Brief descriptive captions:
• • • • • • •

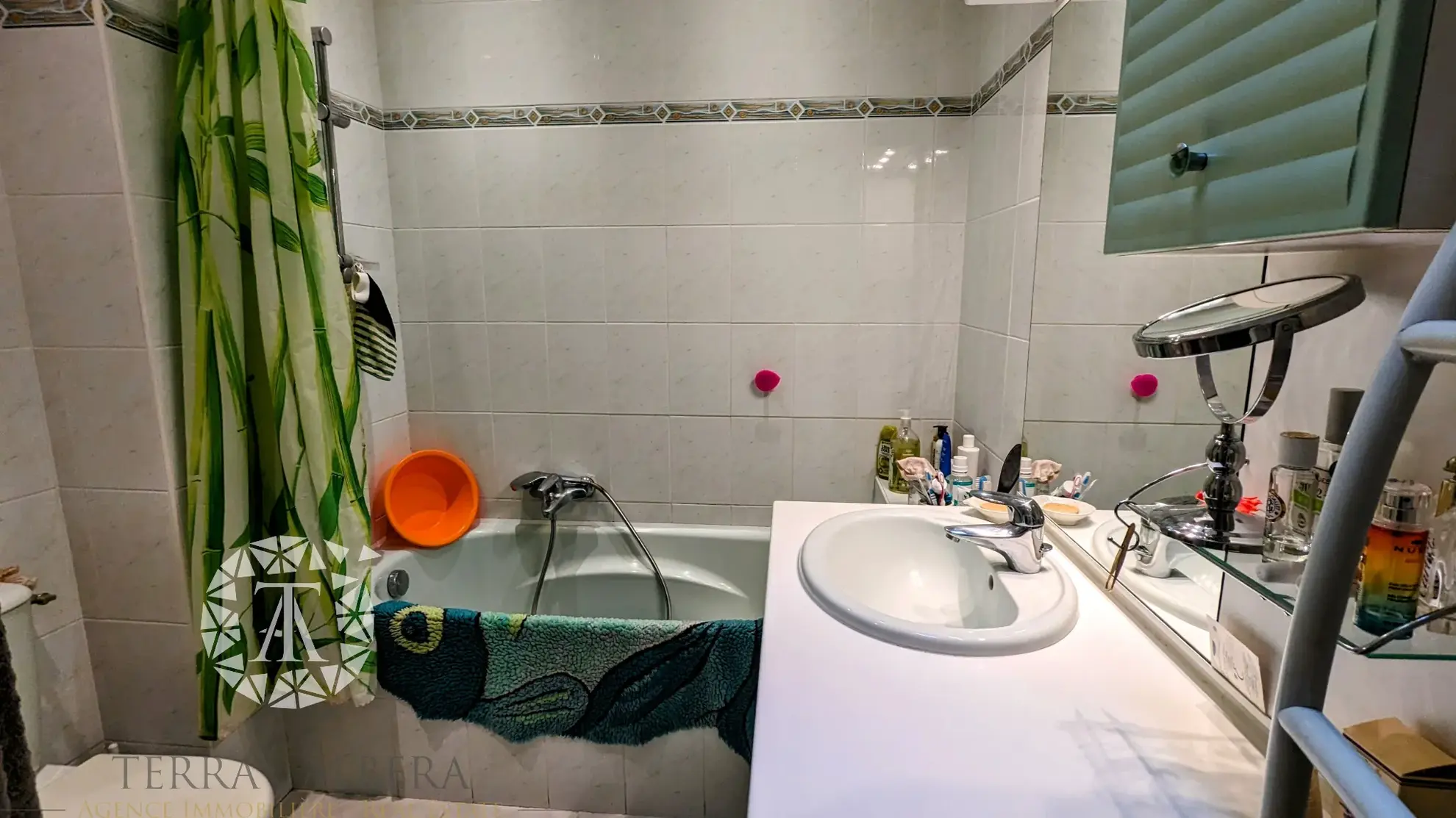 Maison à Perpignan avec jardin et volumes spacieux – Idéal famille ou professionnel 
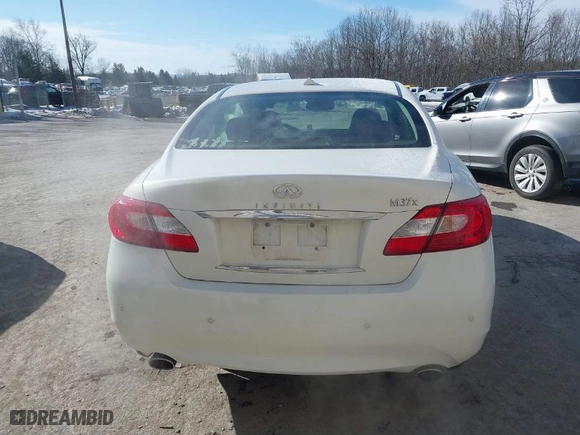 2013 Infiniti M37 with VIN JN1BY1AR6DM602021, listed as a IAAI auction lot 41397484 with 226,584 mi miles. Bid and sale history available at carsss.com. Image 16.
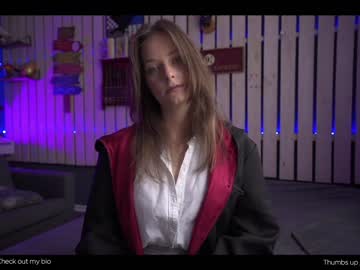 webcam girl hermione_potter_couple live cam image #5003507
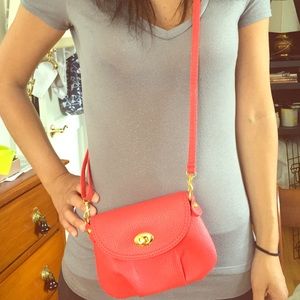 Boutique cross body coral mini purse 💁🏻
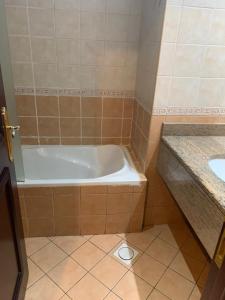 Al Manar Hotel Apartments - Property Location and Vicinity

• • • • • • •

Task objective:
Skipping every picture, reproduce the records word for word.

Response to this task:
 Maison à Perpignan avec jardin et volumes spacieux – Idéal famille ou professionnel 
 2013 Infiniti M37 with VIN JN1BY1AR6DM602021, listed as a IAAI auction lot 41397484 with 226,584 mi miles. Bid and sale history available at carsss.com. Image 16.
 webcam girl hermione_potter_couple live cam image #5003507
 Boutique cross body coral mini purse 💁🏻
 Al Manar Hotel Apartments - Property Location and Vicinity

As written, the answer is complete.